Se persuader que l’avenir est là, dans ces regards avides, et non dans les catastrophes dont les médias, les réseaux sociaux et les amis adeptes de théories conspirationnistes aiment à nous abreuver.
Terminer la semaine émue aux larmes par cette bande de chiens fous si assoiffés d’apprendre.
S’en vouloir de n’avoir pas assez trouvé les mots pour les remercier de tout ce qu’ils m’ont apporté.
Quitter Melun vendredi soir, fatiguée, courbaturée, la gorge en vrac (se rappeler que le médecin nous avait conseillé de parler le moins possible durant la semaine pour soigner cette fichue angine et se dire que c’est raté) mais heureuse du travail accompli. 

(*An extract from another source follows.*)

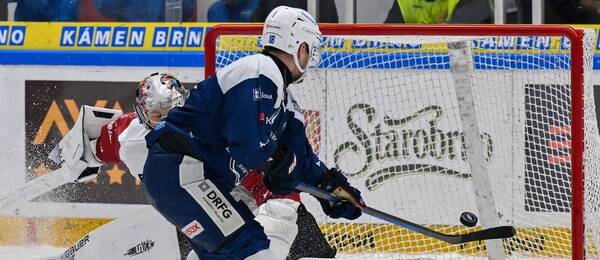 Hokej extraliga, Sparta vs. Kometa, Adam Zbořil (Kometa) zakončuje svůj nájezd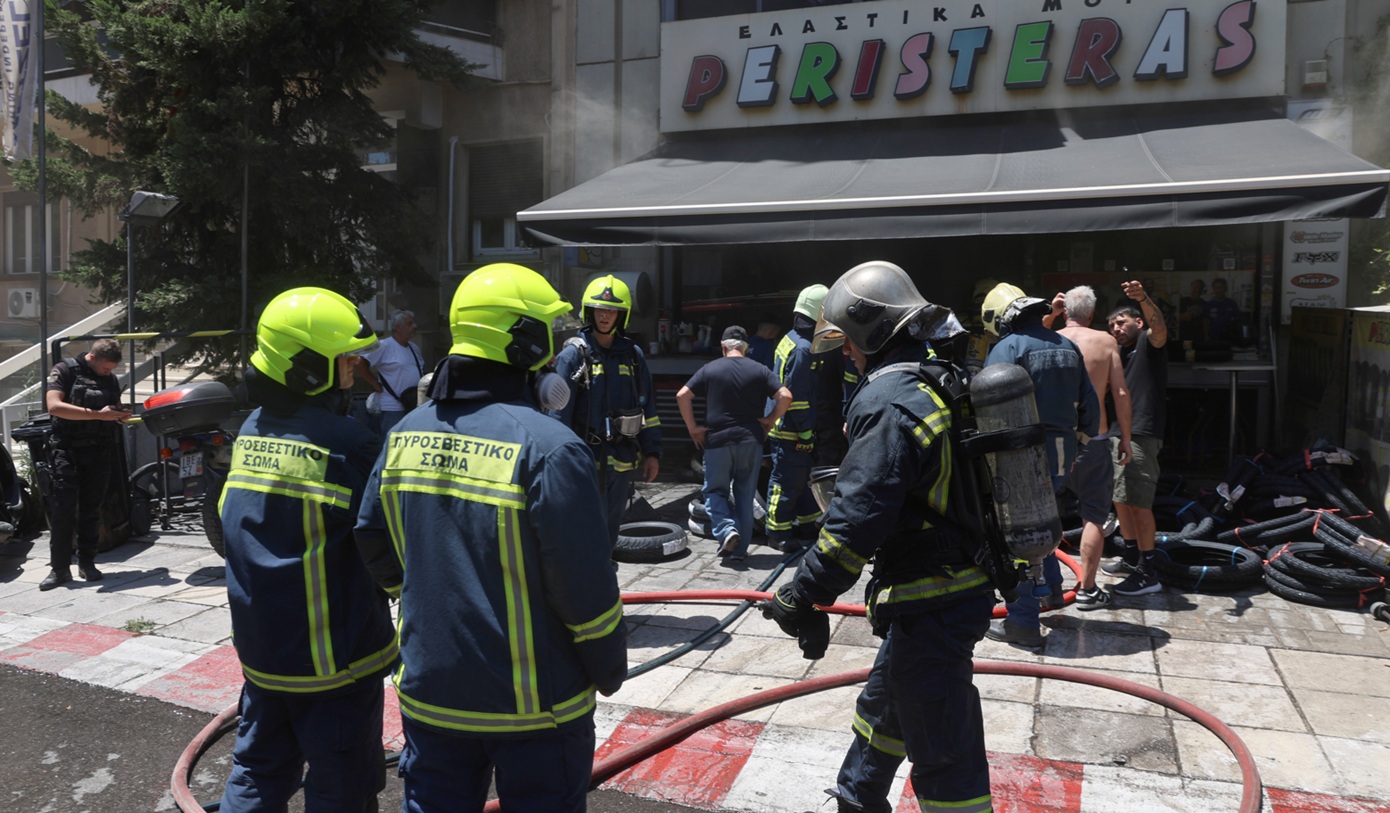 Κατασβέστηκε η φωτιά στο κατάστημα ελαστικών στην οδό Μιχαλακοπούλου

Flotter entre deux eaux dans le train qui nous ramène à la civilisation.
Osciller entre la nostalgie déjà de cette semaine hors du quotidien, semaine durant laquelle on s’est sentie connectée à cette source d’énergie et de bonheur que peut être le théâtre, et le plaisir de retrouver bientôt son chez-soi, de retrouver Bruxelles, Compagnon Cuisinier et l’infernal trio miauleur.
Mais être obligée de passer quelques jours à Paris pour y régler des obligations administratives avant de rentrer à Bruxelles.
Arriver dans la Ville Lumière et s’y sentir bizarrement étrangère après y avoir pourtant vécu plus de dix ans.
Récupérer les clés d’un appartement prêté par un ami pour y passer ces quelques nuits de transit.
Débarquer dans l’appartement inhabité et glacial, et découvrir avec ravissement que le précédent locataire s’est cru autorisé à partir en emportant la couette et tout le linge de lit.
Passer la nuit seule emmitouflée dans son manteau.
Avoir l’impression de renouer avec les galères de quand on avait vingt ans, mais un peu moins jeune, un peu moins enthousiaste, un peu moins résistante…
Rêver d’avoir un jour les moyens de se payer un hôtel.

Décider, à défaut, de se payer un sac de couchage.